The plans have been drawn up and my father who's a bricklayer by trade is going to start the project within the first week of June. I've also purchased the BBQ equipment, the doors for the rotisserie, the smoker and shortly purchasing the pizza oven. With this in mind I don't mind admitting I'm feeling very excited about the whole project and am now wishing the weeks away so I can get underway.

During the process I'll certainly take photos and post all accordingly to keep anyone that may pay an interest up to date with the process as it unfolds. What can I offer so far, below you'll find a few images of the doors I've purchased and if you'd like a list of the BBQ equipment feel free to ask. Second to that ask anything you'd like and I'll endeavour to answer.

The door to the rotisserie.













image.jpg



__ lee-warren
__ Apr 29, 2014






The door to the smoking section.













image.jpg



__ lee-warren
__ Apr 29, 2014






And the four doors to access the smoked food itself.













image.jpg



__ lee-warren
__ Apr 29, 2014






My best regards to all. 

Lee.


----------



## kc5tpy (Apr 29, 2014)

Hello Lee.  I see you found the darn button.  Glad to have you in our little Group.  Any question you may have just throw it out there and I am sure you will get at least three or four different answers.  We look forward to your contributions.

Danny


----------



## jockaneezer (Apr 29, 2014)

Hi Lee, that's some project you've got lined up. There's a bread oven book by a guy named Tom Jaine that shows how to build a wood fired oven, you probably wouldn't want to build it as he describes his but it does give you info on lime mortar and choice of bricks which could save you some money as you avoid using very expensive refractory materials.

Graeme


----------



## markuk (Apr 30, 2014)

Welcome to the Group - all types of smokers her - this is mine ...













P1090601.JPG



__ markuk
__ May 18, 2013






good luck and look forward to seeing some more posts...


----------



## kc5tpy (Apr 30, 2014)

Hello.  This is my project.  1955.  Was working with ice in the freezer when I bought it.  Hopefully get 'er converted this summer.

Danny













1.jpg



__ kc5tpy
__ May 14, 2013


















2.jpg



__ kc5tpy
__ May 14, 2013


----------



## wade (Apr 30, 2014)

Hi Danny. Is that a plastic or metal interior?


----------



## kc5tpy (Apr 30, 2014)

Hello Wade.  Plastic door liner and freezer door.  All removed but pure porcelain coated steel inside.  Will be propane, controls and burners taken for a double oven propane cooker.  One burner to maintain temp and the second burner to reach temp and recovery after the door is opened.  Will use a mailbox mod for smoke and there will be 2 fans included in the build should I need air flow/ temp control for cold smoking.  Hoping this will be the Mutts Nutts when I get 'er finished.  This should have been built months ago but after my Dad got sick I have been holding off on spending the money as I don't know when I may need to fly back to Tx..  Hope to get 'er done this summer.

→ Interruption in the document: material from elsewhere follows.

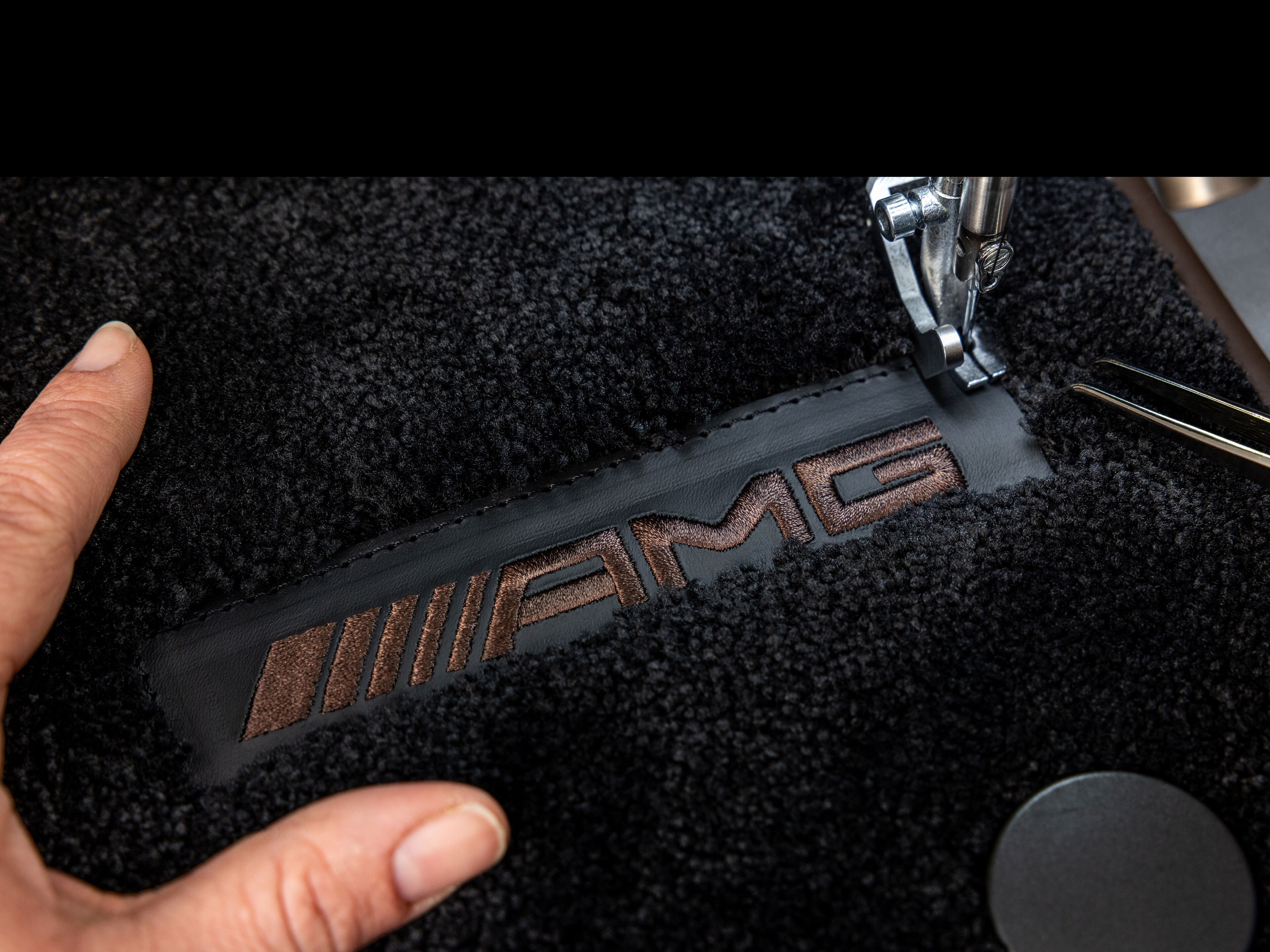 Eine schwarze Fußmatte wird in der MANUFAKTUR mit dem Mercedes-AMG Logo bestickt.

Hello Lee.  Sorry to hijack your thread!  We are pretty informal in the U.K. Group.  We are a smallish group and are starting to get to know each other a bit so we ask questions in odd places and take tha piss now and then.  Won't be long before you fit right in.  Keep Smokin!

Danny


----------



## lee-warren (May 1, 2014)

Sorry for the delay in replying gents, I'm not normally so rude but work raised it's ugly head. 

Graeme thanks for the information, I'll be sure to take a look. Anything that can add a little insight is always welcome, I don't intend to do this again (well unless I decide to move) so hope to do this correctly first time around.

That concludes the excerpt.